— Prompt —
Pictures aside, write every record out again word for word.

Supplied entries Block Start

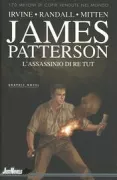 Copertina libro <b>L'assassinio di Re Tut</b>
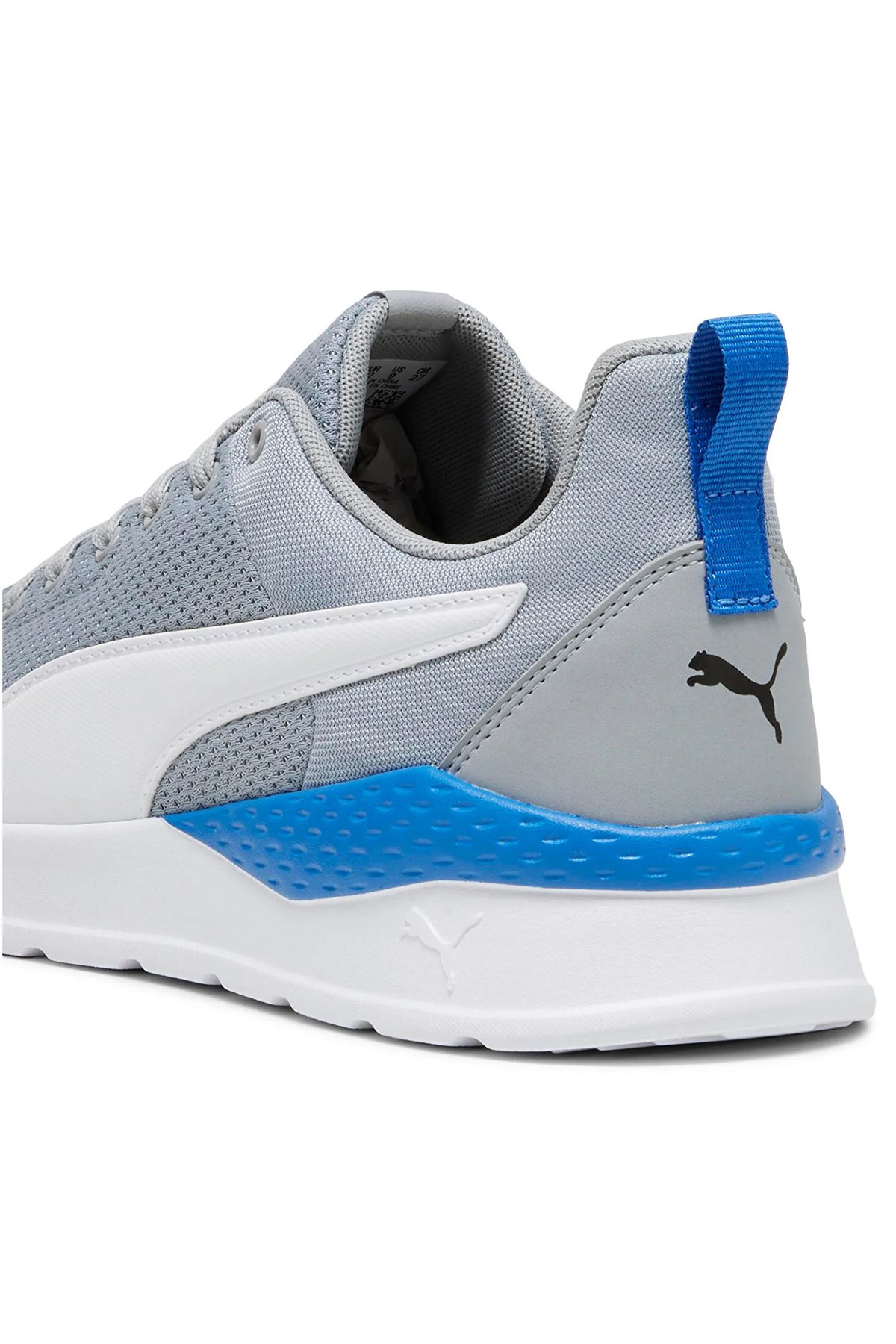 Puma Anzarun Lite Cool Erkek Spor Ayakkabı 37112854 Gri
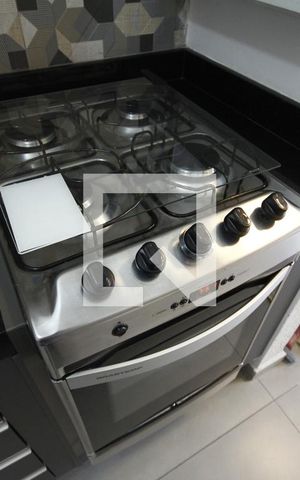 Apartamento à venda com 59m², 2 quartos e 1 vagaCozinha
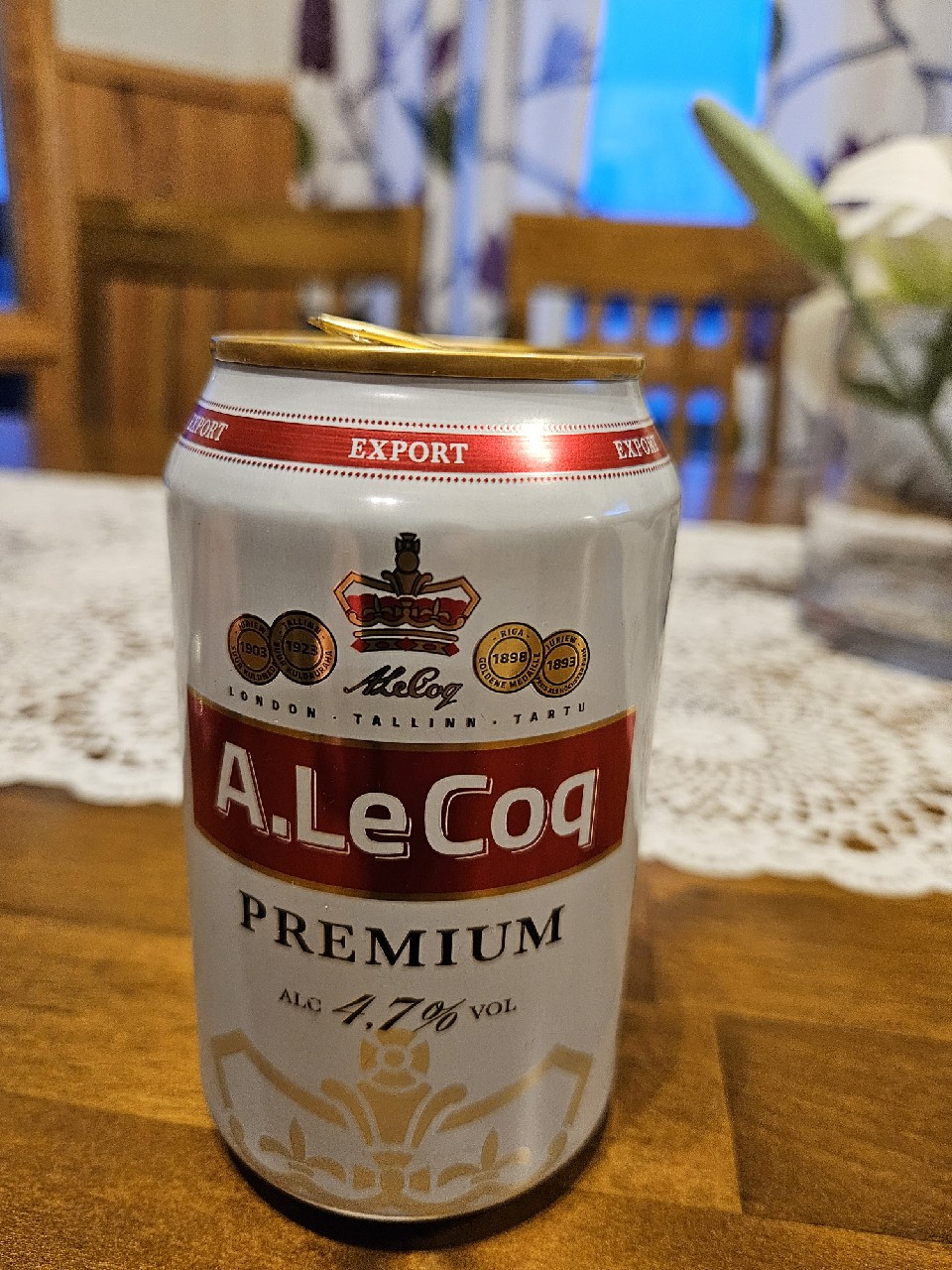 Premium 4.7 %, Estonia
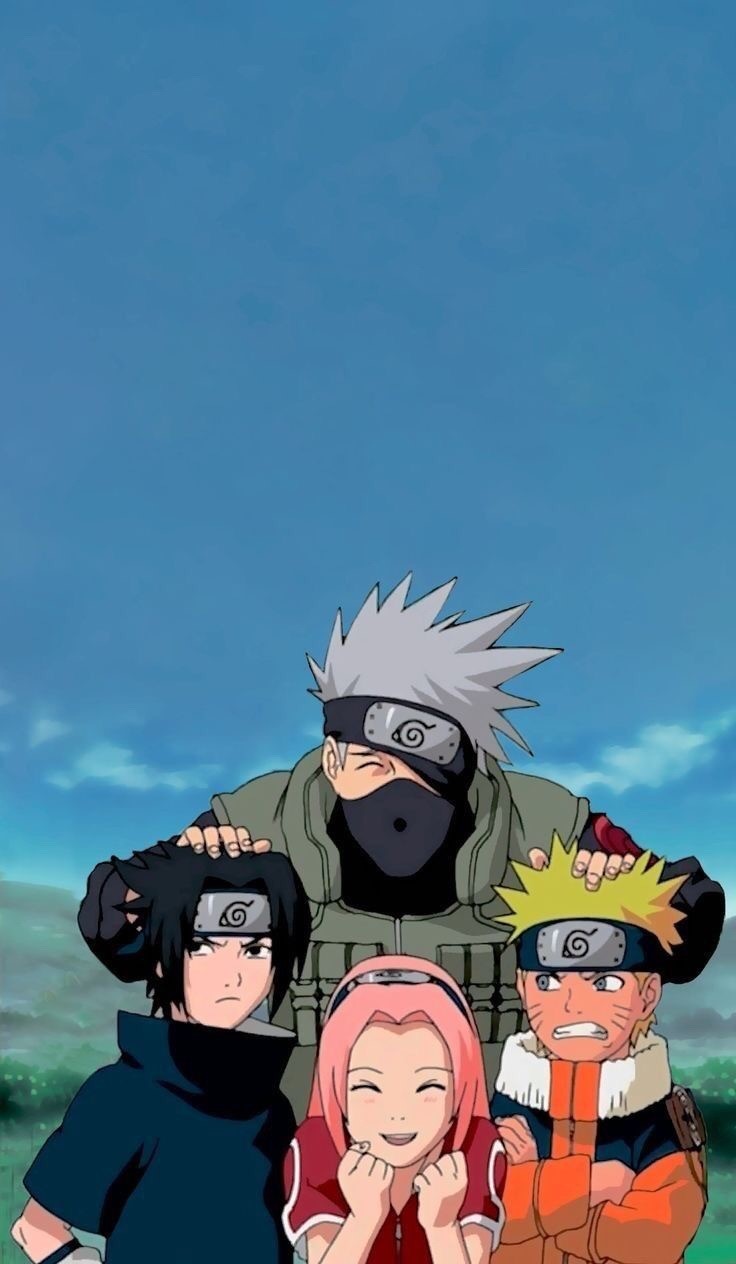 Gambar Naruto Estetik gambar ke 5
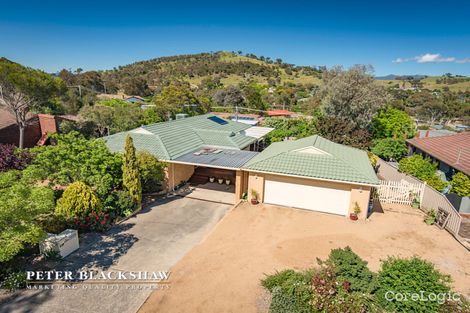 Property photo of 10 Hamersley Place Fisher ACT 2611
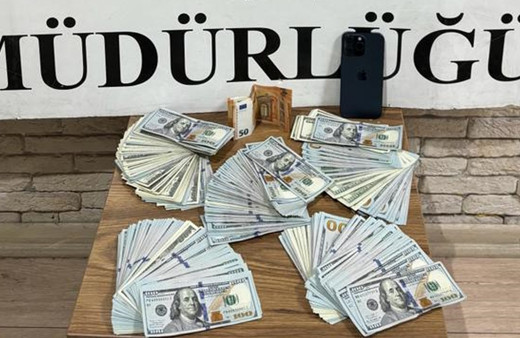 İşi bırakmadan önce yaptırdığı anahtarla kasayı soydu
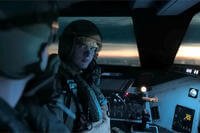 Screenshot from A House of Dynamite (2025) from trailer. Image made available and used under fair use.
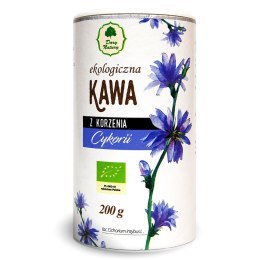 KAWA Z KORZENIA CYKORII BIO 200 g - DARY NATURY DARY NATURY - inne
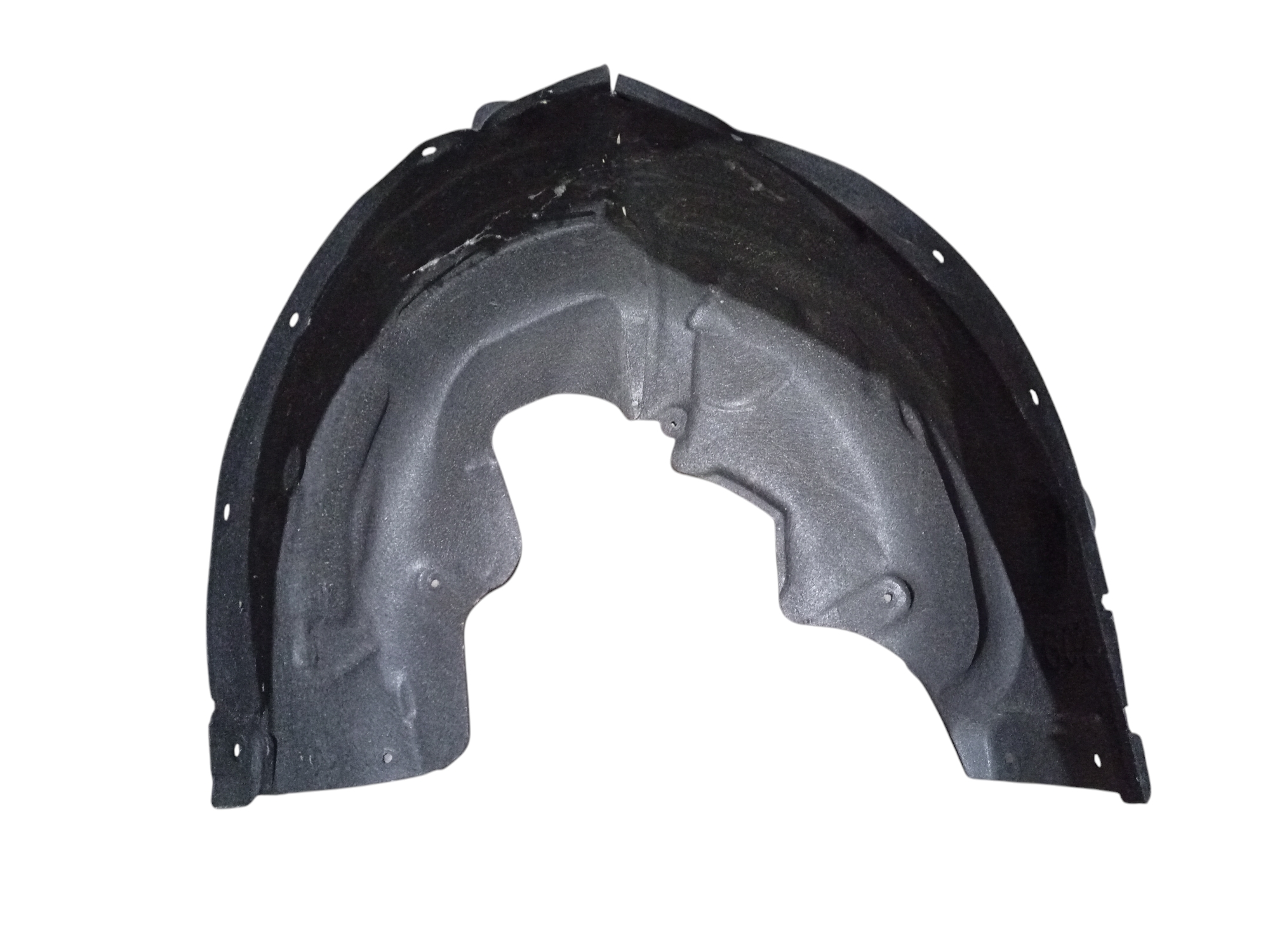 BMW X4 (G02) Rear arch fender liner splash guards BMW X4 Rear arch fender liner splash guards OEM...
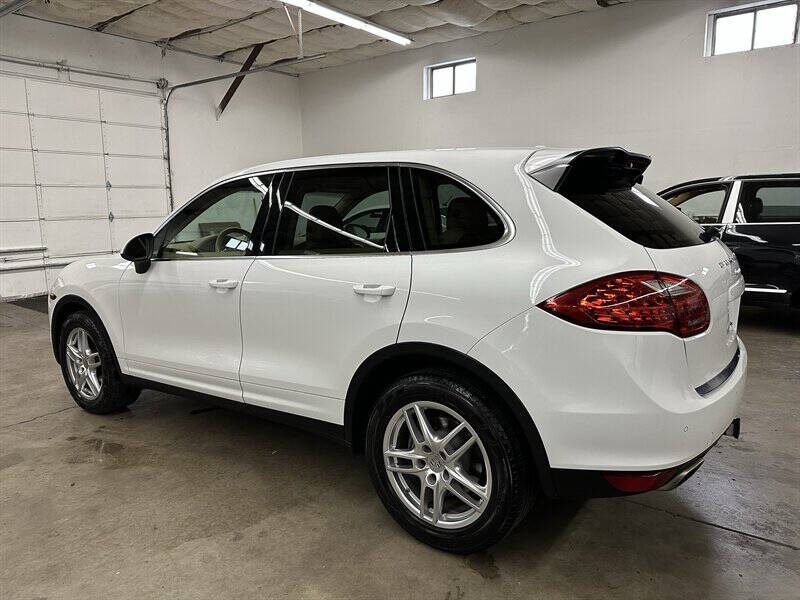 2014 Porsche Cayenne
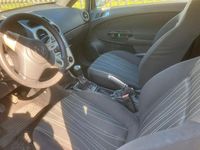 Gebraucht Opel Corsa 80 PS (58 kW) 2006 Silber Kleinwagen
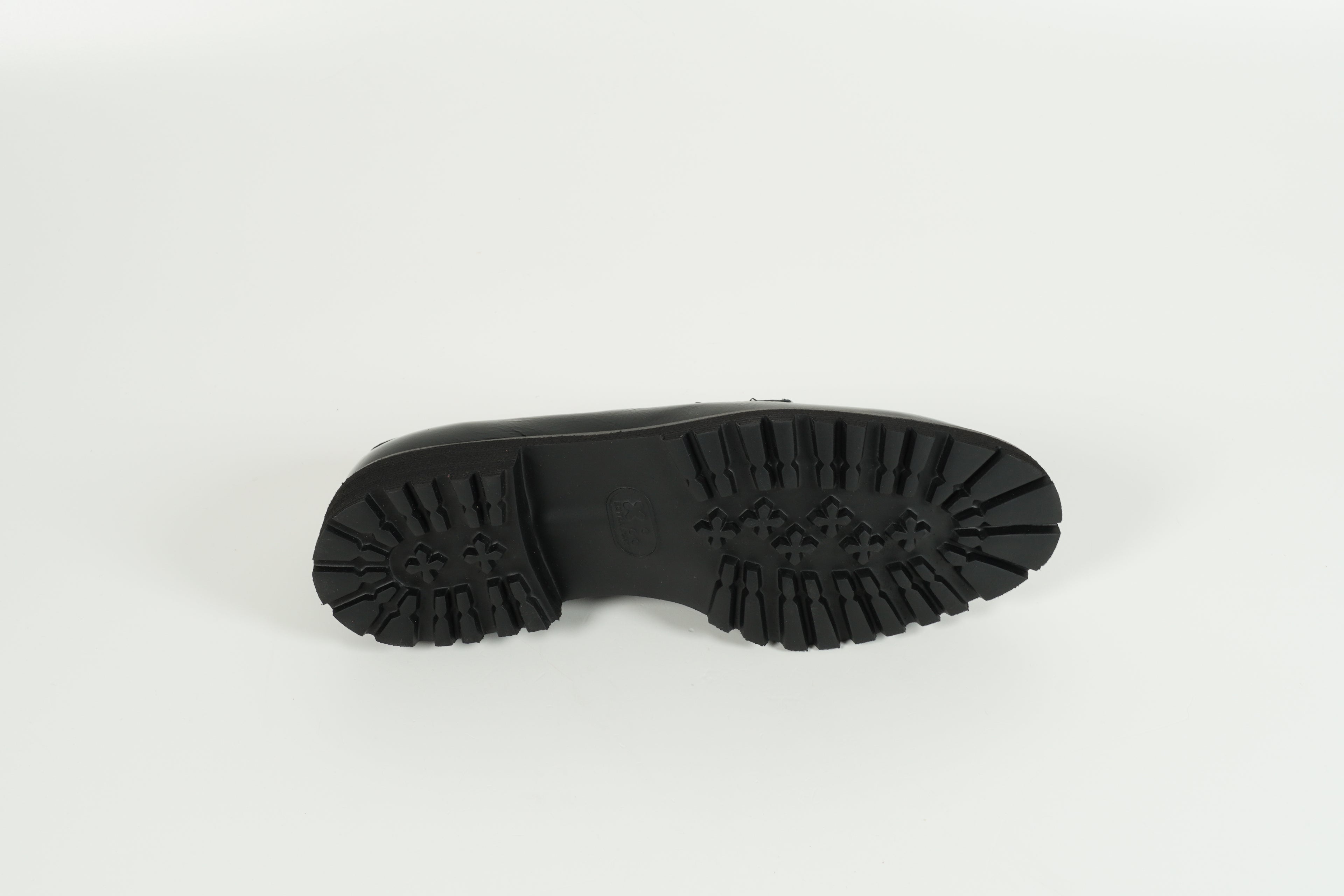 Moccasin Black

Supplied entries Block End

— Solution for this exercise —
 Copertina libro <b>L'assassinio di Re Tut</b>
 Puma Anzarun Lite Cool Erkek Spor Ayakkabı 37112854 Gri
 Apartamento à venda com 59m², 2 quartos e 1 vagaCozinha
 Premium 4.7 %, Estonia
 Gambar Naruto Estetik gambar ke 5
 Property photo of 10 Hamersley Place Fisher ACT 2611
 İşi bırakmadan önce yaptırdığı anahtarla kasayı soydu
 Screenshot from A House of Dynamite (2025) from trailer. Image made available and used under fair use.
 KAWA Z KORZENIA CYKORII BIO 200 g - DARY NATURY DARY NATURY - inne
 BMW X4 (G02) Rear arch fender liner splash guards BMW X4 Rear arch fender liner splash guards OEM...
 2014 Porsche Cayenne
 Gebraucht Opel Corsa 80 PS (58 kW) 2006 Silber Kleinwagen
 Moccasin Black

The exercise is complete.